WASHINGTON ― Republicans’ “big, beautiful bill” went down in a big, ugly flop as conservatives voted against the measure in the House Budget Committee on Friday.
The bill would cut food and health care programs by $1 trillion to help pay for nearly $5 trillion in tax cuts representing President Donald Trump’s chief domestic policy goal of his second term.
Conservatives want the cuts to go deeper and warned Thursday they would vote against the bill during committee action on Friday, but House Speaker Mike Johnson (R-La.) pressed forward anyway in hopes of passing the bill through the House by Memorial Day.
On Friday morning before the vote, Rep. Ralph Norman (R-S.C.) indicated he was still unhappy with the bill despite ongoing negotiations with leadership.
“All of us are very disappointed in the progress, or lack of,” Norman told reporters.
Rep. Chip Roy (R-Texas), another hard-liner, suggested the committee take a break instead of proceeding to the vote. He spoke out against the bill during the committee meeting.

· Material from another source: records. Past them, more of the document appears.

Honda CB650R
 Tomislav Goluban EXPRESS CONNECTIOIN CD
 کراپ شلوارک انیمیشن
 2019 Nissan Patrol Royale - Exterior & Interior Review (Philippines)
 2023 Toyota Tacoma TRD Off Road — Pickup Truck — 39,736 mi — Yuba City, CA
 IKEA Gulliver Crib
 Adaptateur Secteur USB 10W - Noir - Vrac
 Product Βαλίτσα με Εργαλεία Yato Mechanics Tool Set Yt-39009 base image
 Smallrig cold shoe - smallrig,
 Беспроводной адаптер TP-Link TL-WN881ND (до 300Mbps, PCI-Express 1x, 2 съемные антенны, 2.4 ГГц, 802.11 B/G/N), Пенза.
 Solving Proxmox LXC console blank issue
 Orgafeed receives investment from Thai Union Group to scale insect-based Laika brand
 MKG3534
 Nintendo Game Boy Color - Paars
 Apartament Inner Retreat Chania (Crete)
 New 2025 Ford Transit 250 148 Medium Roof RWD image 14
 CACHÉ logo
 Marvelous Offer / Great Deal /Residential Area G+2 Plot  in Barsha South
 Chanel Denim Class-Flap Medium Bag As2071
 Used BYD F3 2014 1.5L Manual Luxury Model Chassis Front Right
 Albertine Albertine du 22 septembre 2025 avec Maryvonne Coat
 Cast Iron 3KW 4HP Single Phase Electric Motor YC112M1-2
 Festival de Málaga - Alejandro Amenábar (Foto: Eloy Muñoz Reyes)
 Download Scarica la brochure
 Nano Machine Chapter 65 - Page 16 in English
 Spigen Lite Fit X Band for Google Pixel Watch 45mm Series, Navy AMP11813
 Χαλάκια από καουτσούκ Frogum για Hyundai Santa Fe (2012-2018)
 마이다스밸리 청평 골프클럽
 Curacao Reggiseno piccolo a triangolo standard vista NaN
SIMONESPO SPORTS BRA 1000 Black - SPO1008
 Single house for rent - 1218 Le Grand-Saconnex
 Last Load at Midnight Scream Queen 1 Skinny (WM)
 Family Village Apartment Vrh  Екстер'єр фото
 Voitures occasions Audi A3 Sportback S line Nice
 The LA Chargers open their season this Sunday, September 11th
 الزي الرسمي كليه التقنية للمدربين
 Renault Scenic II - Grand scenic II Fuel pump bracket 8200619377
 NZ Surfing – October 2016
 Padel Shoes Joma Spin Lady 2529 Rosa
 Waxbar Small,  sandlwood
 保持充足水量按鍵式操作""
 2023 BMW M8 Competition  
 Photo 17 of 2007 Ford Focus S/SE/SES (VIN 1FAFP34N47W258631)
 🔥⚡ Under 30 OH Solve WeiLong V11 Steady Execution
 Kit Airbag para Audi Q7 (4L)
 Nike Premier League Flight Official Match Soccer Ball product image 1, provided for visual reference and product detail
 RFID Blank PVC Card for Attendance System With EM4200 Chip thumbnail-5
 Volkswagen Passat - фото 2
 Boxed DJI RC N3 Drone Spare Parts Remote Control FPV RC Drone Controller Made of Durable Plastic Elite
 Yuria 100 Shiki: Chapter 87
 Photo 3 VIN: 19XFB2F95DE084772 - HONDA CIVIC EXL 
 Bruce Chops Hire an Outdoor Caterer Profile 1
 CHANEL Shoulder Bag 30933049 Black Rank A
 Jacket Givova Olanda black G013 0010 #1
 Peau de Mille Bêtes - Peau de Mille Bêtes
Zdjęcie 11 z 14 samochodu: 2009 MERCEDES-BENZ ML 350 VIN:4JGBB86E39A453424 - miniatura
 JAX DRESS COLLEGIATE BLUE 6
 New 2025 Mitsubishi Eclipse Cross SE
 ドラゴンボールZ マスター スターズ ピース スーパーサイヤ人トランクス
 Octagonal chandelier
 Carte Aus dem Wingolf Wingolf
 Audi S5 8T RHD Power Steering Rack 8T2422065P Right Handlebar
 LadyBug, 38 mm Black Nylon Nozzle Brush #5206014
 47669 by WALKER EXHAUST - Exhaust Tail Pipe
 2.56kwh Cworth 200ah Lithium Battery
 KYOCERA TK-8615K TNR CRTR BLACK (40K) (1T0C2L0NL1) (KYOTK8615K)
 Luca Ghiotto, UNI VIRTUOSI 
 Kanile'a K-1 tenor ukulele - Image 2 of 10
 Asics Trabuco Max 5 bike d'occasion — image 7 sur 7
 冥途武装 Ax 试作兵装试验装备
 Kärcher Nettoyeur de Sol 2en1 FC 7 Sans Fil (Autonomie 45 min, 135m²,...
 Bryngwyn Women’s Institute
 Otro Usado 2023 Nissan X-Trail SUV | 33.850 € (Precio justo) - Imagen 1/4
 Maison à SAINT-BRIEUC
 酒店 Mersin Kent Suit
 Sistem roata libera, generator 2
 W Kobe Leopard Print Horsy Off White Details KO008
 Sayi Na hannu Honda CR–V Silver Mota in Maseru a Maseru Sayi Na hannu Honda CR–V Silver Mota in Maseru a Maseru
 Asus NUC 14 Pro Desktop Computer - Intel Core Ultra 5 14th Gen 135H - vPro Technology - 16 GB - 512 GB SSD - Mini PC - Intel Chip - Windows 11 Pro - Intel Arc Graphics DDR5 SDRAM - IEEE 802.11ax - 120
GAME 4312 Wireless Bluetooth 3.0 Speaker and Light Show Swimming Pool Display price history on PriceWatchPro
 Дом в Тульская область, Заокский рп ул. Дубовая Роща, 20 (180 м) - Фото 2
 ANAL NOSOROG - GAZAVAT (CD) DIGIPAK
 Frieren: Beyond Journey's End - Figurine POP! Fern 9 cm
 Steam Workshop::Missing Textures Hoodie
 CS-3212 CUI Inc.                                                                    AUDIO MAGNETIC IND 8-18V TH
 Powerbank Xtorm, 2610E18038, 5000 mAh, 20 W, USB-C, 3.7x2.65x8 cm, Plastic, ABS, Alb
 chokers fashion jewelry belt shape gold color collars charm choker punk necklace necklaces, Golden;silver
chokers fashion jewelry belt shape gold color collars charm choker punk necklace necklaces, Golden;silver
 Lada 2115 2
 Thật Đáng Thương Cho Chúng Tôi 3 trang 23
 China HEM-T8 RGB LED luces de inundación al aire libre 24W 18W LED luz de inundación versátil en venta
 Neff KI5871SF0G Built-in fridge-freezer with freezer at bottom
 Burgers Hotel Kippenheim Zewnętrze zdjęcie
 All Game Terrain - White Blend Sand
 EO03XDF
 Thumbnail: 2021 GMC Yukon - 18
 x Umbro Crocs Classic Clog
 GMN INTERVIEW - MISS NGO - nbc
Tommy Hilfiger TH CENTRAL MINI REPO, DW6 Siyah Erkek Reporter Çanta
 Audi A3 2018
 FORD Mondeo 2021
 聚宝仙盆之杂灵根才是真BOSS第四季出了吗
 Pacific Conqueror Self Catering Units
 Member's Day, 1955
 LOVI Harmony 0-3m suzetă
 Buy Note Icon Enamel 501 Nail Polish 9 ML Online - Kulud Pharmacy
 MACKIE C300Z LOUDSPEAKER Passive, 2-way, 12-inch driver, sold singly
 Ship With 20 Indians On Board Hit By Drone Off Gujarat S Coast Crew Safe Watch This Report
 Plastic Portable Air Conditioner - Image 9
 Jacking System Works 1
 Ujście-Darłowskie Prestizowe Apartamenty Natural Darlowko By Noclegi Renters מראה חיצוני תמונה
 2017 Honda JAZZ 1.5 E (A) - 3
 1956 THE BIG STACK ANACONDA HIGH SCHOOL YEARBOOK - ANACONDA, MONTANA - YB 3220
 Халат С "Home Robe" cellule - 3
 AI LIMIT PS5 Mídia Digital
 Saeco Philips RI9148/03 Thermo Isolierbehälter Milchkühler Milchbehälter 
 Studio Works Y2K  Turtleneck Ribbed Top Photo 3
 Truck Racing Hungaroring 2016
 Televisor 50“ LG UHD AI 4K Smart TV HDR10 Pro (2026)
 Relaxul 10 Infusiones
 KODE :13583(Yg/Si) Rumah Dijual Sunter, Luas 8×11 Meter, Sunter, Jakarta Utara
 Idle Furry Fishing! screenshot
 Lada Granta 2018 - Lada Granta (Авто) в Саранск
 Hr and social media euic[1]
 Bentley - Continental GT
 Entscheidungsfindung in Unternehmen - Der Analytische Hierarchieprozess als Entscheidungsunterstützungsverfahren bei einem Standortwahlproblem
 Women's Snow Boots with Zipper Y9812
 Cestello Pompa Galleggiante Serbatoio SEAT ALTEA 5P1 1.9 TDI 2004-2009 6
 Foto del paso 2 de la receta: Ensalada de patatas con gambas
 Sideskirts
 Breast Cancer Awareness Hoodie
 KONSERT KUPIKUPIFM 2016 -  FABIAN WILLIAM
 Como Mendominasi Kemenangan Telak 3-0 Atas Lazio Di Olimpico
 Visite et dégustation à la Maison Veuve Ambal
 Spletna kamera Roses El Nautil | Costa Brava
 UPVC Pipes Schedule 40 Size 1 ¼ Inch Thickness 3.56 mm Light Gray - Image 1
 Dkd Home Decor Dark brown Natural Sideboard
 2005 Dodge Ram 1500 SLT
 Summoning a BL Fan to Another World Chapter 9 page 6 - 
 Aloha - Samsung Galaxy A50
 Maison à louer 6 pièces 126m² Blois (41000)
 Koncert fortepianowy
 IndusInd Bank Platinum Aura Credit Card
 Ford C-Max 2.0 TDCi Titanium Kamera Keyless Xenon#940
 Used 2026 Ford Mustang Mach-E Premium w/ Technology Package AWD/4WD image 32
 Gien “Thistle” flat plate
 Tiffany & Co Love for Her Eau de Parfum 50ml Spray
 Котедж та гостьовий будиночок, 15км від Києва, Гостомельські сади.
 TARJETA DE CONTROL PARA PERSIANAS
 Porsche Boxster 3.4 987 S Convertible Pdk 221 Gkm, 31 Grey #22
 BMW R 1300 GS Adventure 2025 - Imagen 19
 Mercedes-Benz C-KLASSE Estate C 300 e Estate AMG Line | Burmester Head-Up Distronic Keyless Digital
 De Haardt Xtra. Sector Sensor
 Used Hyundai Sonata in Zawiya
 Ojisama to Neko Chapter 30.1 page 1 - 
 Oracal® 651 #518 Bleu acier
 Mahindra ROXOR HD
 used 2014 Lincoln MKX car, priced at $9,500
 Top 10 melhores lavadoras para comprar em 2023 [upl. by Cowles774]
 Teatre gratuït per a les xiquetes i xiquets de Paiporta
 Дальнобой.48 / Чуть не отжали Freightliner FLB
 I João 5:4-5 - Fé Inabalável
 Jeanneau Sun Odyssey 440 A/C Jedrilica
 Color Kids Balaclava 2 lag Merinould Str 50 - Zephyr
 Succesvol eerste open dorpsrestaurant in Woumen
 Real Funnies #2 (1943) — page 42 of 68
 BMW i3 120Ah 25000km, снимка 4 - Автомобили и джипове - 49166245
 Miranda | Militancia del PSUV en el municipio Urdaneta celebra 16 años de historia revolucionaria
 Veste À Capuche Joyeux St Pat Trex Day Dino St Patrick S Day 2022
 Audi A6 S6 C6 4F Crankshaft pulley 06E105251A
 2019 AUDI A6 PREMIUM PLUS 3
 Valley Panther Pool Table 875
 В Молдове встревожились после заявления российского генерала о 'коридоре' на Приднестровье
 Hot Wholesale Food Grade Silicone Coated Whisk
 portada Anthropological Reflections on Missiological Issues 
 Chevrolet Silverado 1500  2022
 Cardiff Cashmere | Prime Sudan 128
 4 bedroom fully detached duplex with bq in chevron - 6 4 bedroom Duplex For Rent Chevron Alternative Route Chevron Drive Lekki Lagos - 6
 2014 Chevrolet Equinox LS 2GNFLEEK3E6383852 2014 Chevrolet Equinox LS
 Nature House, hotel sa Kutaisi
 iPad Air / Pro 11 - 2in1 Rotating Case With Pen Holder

“I’m not going to sit here and say everything’s hunky-dory,” Roy said, lamenting that federal budget deficits would continue to grow if the legislation passed, and that its “work requirements” for able-bodied Medicaid recipients wouldn’t kick in until 2029.
Trump made a late attempt to bolster support for the bill.
“We don’t need ‘GRANDSTANDERS’ in the Republican Party,” Trump wrote on Truth Social Friday morning. “STOP TALKING, AND GET IT DONE! It is time to fix the MESS that Biden and the Democrats gave us.”
Even if the hard-liners get on board, Speaker Johnson will still have to win over a group of moderates upset that the bill doesn’t enlarge a tax deduction for homeowners in high-tax blue states like New York and California.